Chelsea Flower Show left you peckish? Chef/owner of Craft London Stevie Parle gives us tips on using flowers in cooking
- Most things that grow as a fruit or vegetable have a flower you can eat, such as peas, broad beans, apples, cherries and courgettes.
But don’t just use flowers for food, they’re great as garnishes in drinks, too. Borage flowers aren’t just pretty, they’re also traditionally found in jugs of Pimms.
Lemon Verbena is an edible herb flower
- All herb flowers are edible, such as rosemary, sage, lemon verbena and mint.
- Once your herbs have flowered, cut them all back and dry the flowers. They make a great tea and the herbs will hopefully have a second burst of growth before they slow down for winter.
If you grow courgettes, pick the male flowers as soon as they come out. They’re the ones that just have stems rather than mini courgettes.

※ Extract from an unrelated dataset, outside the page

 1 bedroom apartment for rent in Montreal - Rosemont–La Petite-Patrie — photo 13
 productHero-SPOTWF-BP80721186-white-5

The more you pick, the more will grow.
Elderflower being all versatile
- Everyone knows about elderflower cordial, but elders are good for loads of things. Salad dressings, deep fried with honey, in a jelly. They’re full of flavour.
- Cooking with roses is great as they have a strong flavour that goes well with desserts. But while they may be prettier than the ones in your garden, don’t use roses from the florist. They’ve often been sprayed with food pesticides.
- Roses are great for savoury dishes, too. Pickle them in a two parts vinegar to one part water and one part sugar mixture...
- Pick flowers on a sunny day. Rain washes out flavours and they’re more aromatic on a sunny rather than shady day.
- Potato flowers are poisonous. And so are rhubarb leaves. Watch out.